[Exercise requirements] Repeat the records below exactly from the line containing "Chặt chẽ kiểm định chất lượng ĐH - 2" to the line containing "Medium Photo #2", taking in both of those lines. Drop the pictures.

[Provided information]
Start of Block
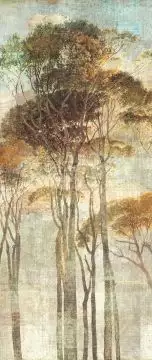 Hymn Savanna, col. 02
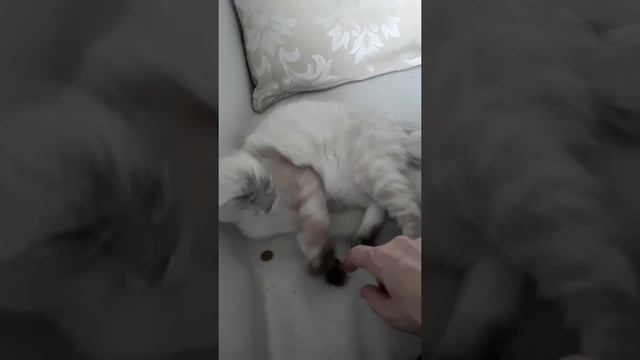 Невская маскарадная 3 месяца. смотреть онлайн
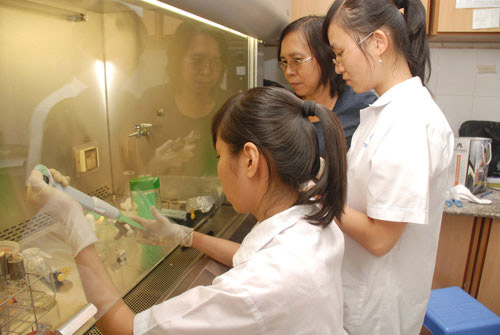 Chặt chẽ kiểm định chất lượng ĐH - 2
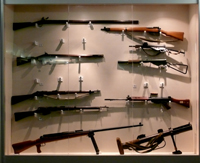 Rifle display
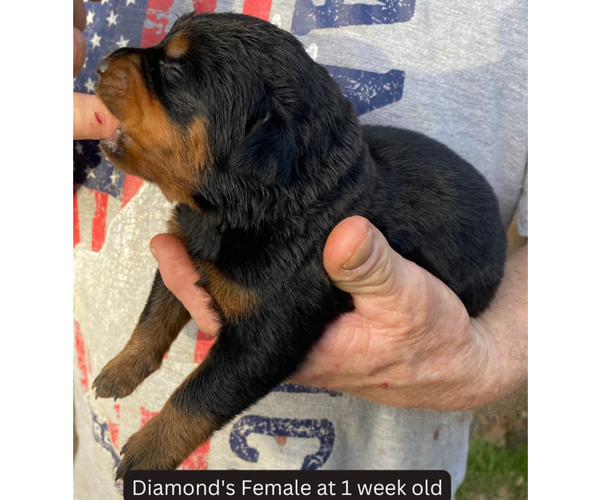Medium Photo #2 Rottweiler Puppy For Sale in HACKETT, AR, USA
End of Block
Start of Block
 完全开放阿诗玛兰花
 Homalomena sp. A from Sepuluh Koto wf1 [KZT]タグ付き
End of Block
[Reply to the task]
 Chặt chẽ kiểm định chất lượng ĐH - 2
 Rifle display
Medium Photo #2 Rottweiler Puppy For Sale in HACKETT, AR, USA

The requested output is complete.